Several limitations of the study deserve comment. First, the design of the present study was based on hospital-based cross-sectional study, which is susceptible to selection bias. Second, the sample is not representative should also be stressed, and the sample size was moderate, limiting its ability to detect more significant association results. Third, the multiple regression models indicated only a moderate influence of MetS on DHF and SHF. Other environmental and genetics factors may contribute to the unexplained variation in DHF and SHF prevalence.
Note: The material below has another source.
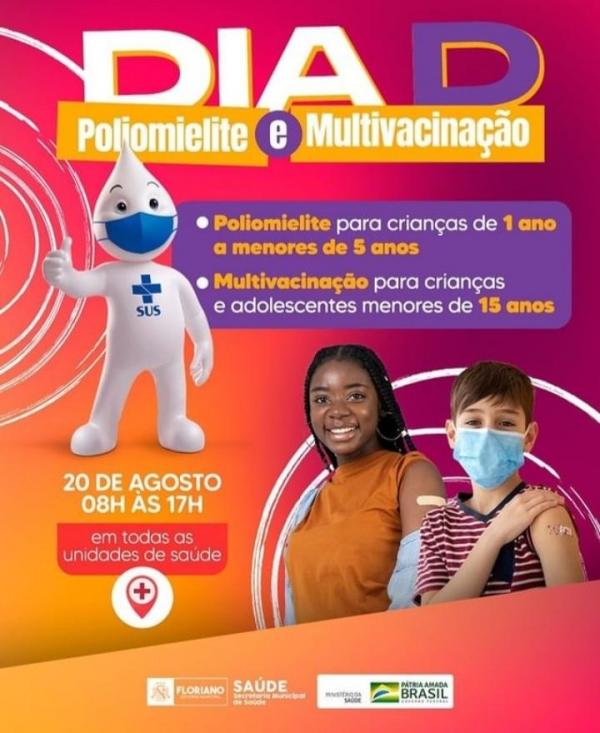 Floriano promove "Dia D" da vacinação contra poliomielite neste sábado (20)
Forth, the association between insulin resistance and the two outcomes was not analyzed in the present study. This is because data on fasting blood insulin were seriously missing. Similar data interpretation was performed in blood BMP levels. Finally, it is important to mention that our study concerned Chinese individuals and our findings may not be relevant to those of other ethnic.

Conclusion

Our findings signify that MetS is an independently shared predictor of DHF and SHF, and HT is also an independently shared predictor to both outcomes, and TG and FPG is independently association with DHF and SHF, respectively. In addition, MetS has a high value in predicting DHF and SHF. There is a tendency toward increased prevalence of DHF and SHF with increasing MetS severity score. This supports the hypothesis that MetS areis involved in the regulation of progression of DHF and SHF. The present observation provides novel insight into future biological function researches.